Plasma-reduced homocysteine levels in end-stage renal disease
Increased levels of homocysteine in serum are a strong, independent risk factor for atherosclerotic vascular events in end-stage renal disease patients. This association has been described epidemiologically, but it has not been confirmed in prospective trials of homocysteine-lowering treatments. The current hypothesis accounting for the effect of homocysteine on vascular or thrombotic events depends on the reactivity of its “free” or reduced sulfhydryl group. Approximately two percent of circulating homocysteine is in this reduced form. The authors developed a chemical method for measuring plasma-reduced homocysteine concentrations. The method involves incubating freshly drawn blood with sodium iodoacetate. The s-carboxymethylhomocysteine is then analyzed by gas chromatography and mass spectrometry. The authors found that plasma-reduced homocysteine concentrations in end-stage renal disease patients were two- to four-times higher than normal and that these concentrations were lowered by hemodialysis. The reduced plasma homocysteine levels were proportional to plasma total homocysteine levels over the range of plasma homocysteine levels that have been associated with increased cardiovascular risk.

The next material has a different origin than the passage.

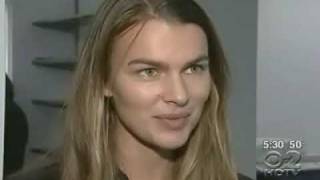 Skinny Model Filippa Hamilton I Was Fired For Being Too Fat wcco com [upl. by Sink61]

Hoffer LJ, Robitaille L, Elian KM, et al. Plasma reduced homocysteine concentrations are increased in end-stage renal disease. Kid Int. 2001;59:372-377.

Reprints: Dr. L. John Hoffer, Lady Davis Institute for Medical Research, Jewish General Hospital, 3755 Cote-Ste. Catherine Rd., Montreal, Quebec H3T 1E2, Canada

Guidelines for the rejection of stool cultures
Stool cultures performed in hospitalized patients have a very low diagnostic yield. This is especially true when cultures are obtained more than three days after admission. Furthermore, the test is very expensive to produce. A simple “three-day rule” has been adopted by as many as 25 percent of U.S. microbiology laboratories. However, enteropathic bacteria other than Clostridium difficile may be associated with nosocomial illness that would be missed by strict use of this rule. The authors performed a five-part study of stool culture guidelines in four European health care centers. The derivation sample consisted of 1,735 adult patients who provided a total of 3,416 stool cultures between 1995 and 1997 and 68 inpatients who had grown enteropathogenic bacteria from stool cultures between 1988 and 1998. Based on their study of this group, the authors developed the following modified three-day rule: Obtain stool culture in the presence of community-acquired diarrhea if the onset is 72 hours or less after admission, for nosocomial diarrhea if the onset is more than 72 hours after admission, and for at least one of the following: age of 65 years or older with pre-existing comorbidity, HIV infection, neutropenia or suspected nosocomial outbreak, and suspected nondiarrheal manifestations of enteric infections. The modified rule also says to obtain a maximum of two repeat examinations in a given patient. When the criteria were applied post hoc to a series of 1,025 stool cultures, the number of stool cultures would have been reduced by 52 percent and no clinically significant cases would have been missed. If the traditional three-day rule had been applied, 52 cases would not have been identified, 28 of which required antibiotic treatment.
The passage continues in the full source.